### [What is expected]
Scan the data below. Pull out each line where "Adjustable" occurs.

### [Source data]
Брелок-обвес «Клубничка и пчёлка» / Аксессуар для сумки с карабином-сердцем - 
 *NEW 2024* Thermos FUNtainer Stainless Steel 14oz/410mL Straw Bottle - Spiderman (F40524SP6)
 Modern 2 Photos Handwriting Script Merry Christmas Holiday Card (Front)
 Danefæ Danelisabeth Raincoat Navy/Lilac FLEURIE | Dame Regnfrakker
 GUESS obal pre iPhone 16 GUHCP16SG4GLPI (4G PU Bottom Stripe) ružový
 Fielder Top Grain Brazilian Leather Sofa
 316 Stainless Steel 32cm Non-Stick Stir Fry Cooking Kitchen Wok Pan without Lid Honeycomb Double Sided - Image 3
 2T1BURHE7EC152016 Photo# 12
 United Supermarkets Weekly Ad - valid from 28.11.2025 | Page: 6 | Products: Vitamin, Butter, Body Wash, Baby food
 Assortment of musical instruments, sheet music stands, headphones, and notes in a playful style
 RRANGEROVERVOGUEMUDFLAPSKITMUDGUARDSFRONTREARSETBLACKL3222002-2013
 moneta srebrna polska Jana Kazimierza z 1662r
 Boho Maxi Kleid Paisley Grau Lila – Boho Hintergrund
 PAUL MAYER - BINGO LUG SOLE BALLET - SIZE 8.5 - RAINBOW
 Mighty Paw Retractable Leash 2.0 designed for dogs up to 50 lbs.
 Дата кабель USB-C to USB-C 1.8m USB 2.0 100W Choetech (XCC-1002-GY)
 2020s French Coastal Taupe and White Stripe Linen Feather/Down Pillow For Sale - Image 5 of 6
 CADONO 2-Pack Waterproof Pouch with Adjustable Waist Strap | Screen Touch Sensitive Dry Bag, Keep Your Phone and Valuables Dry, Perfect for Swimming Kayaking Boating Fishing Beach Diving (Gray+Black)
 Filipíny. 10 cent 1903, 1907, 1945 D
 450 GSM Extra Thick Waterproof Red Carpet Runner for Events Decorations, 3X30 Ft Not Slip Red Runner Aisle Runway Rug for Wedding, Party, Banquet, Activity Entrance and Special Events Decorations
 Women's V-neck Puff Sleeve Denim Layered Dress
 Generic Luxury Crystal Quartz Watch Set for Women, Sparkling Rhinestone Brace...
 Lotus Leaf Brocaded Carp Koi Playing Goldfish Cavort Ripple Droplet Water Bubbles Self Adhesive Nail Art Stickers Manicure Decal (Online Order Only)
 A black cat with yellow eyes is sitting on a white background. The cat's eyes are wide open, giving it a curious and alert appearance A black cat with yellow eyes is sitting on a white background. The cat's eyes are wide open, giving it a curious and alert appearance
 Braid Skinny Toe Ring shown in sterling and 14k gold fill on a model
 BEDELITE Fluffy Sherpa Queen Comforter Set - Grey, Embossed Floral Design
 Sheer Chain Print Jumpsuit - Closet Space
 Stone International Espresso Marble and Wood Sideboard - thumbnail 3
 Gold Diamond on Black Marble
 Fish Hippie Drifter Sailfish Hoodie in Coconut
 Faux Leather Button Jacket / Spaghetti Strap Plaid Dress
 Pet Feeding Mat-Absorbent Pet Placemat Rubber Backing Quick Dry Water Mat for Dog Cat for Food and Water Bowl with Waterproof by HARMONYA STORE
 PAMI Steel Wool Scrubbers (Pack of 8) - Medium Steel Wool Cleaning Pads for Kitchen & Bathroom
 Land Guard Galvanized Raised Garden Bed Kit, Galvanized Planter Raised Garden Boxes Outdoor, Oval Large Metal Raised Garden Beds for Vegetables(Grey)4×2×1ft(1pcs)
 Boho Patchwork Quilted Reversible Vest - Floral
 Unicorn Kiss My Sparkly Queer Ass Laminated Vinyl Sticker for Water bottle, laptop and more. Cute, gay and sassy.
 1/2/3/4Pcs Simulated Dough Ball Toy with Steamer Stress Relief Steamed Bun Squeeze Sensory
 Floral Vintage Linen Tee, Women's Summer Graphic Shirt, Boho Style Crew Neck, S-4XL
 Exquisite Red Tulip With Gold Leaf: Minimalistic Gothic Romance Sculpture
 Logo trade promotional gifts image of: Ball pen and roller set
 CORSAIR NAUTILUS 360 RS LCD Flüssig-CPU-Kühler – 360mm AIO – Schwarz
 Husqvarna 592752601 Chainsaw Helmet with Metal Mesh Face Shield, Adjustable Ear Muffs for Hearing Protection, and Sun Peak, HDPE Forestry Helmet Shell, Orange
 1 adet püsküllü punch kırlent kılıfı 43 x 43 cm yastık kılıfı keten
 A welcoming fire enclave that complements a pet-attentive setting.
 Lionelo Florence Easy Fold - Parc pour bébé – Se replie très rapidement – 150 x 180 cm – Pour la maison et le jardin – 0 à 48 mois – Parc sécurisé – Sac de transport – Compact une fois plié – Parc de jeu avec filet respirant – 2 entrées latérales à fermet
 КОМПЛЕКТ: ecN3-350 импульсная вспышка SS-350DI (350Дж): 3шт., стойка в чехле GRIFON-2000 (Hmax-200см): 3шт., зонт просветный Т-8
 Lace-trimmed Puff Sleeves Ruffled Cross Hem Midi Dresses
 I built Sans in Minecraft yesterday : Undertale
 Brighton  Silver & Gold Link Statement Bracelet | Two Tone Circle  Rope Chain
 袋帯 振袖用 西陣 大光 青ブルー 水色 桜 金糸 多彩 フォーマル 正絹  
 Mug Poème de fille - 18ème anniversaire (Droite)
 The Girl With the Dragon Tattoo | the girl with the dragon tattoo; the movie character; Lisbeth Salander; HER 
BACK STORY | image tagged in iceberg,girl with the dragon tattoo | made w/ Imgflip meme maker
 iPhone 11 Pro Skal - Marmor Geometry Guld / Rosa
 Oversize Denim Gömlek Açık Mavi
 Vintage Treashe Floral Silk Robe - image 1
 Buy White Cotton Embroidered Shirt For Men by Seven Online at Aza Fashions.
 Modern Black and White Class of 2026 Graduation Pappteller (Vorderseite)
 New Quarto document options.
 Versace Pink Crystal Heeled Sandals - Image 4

### [Expected answer]
 CADONO 2-Pack Waterproof Pouch with Adjustable Waist Strap | Screen Touch Sensitive Dry Bag, Keep Your Phone and Valuables Dry, Perfect for Swimming Kayaking Boating Fishing Beach Diving (Gray+Black)
 Husqvarna 592752601 Chainsaw Helmet with Metal Mesh Face Shield, Adjustable Ear Muffs for Hearing Protection, and Sun Peak, HDPE Forestry Helmet Shell, Orange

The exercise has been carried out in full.